(Recorded information)
-.-.-

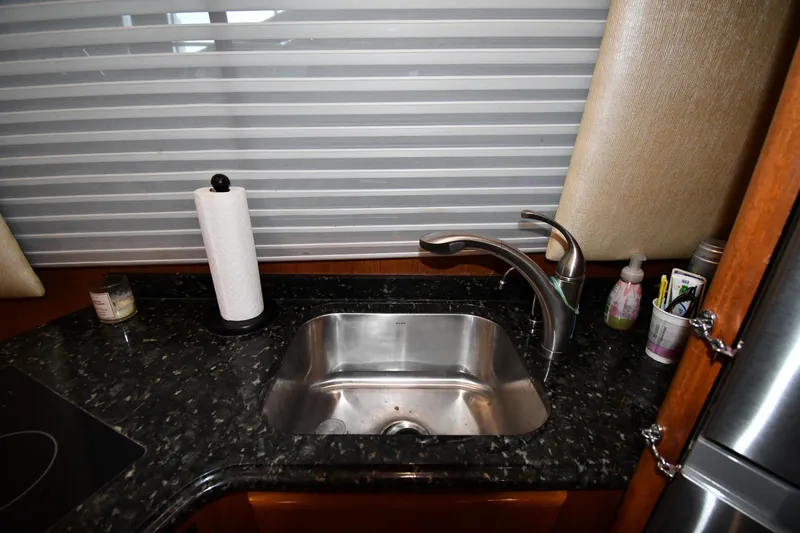 Your Rent's Due Yacht Photos Pics Kitchen sink area in a 1996 Viking 50 Convertible yacht with granite countertop.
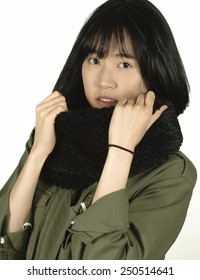 Young Woman Uses An Infinity Scarf To Keep Warm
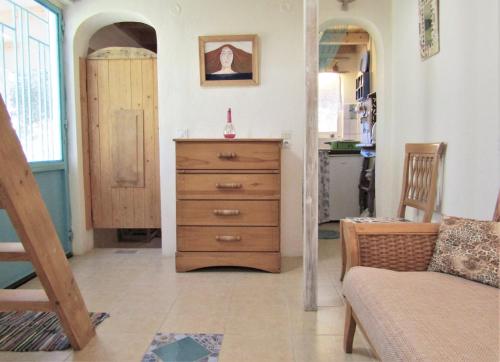 a living room with a dresser and a kitchen at Asklipion Valley guest house in Kos Town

-.-.-

(Brief)
In the copy, include exactly the lines from the one with "Young Woman Uses" through the final line of the data, both ends included, and no pictures.

(Reply to the task)
 Young Woman Uses An Infinity Scarf To Keep Warm
 a living room with a dresser and a kitchen at Asklipion Valley guest house in Kos Town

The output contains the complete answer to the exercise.